** Records provided follows **

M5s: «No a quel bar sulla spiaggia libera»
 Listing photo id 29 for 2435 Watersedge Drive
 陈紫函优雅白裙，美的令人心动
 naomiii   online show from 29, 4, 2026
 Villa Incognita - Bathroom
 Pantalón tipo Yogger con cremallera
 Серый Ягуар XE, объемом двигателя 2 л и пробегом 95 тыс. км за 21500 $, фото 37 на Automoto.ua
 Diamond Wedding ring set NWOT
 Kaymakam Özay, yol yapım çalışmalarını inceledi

** End of Records provided **

What must be transcribed is the run of lines from the one containing "Pantalón tipo Yogger con cremallera" to the last line of the data above, inclusive, and only that.

 Pantalón tipo Yogger con cremallera
 Серый Ягуар XE, объемом двигателя 2 л и пробегом 95 тыс. км за 21500 $, фото 37 на Automoto.ua
 Diamond Wedding ring set NWOT
 Kaymakam Özay, yol yapım çalışmalarını inceledi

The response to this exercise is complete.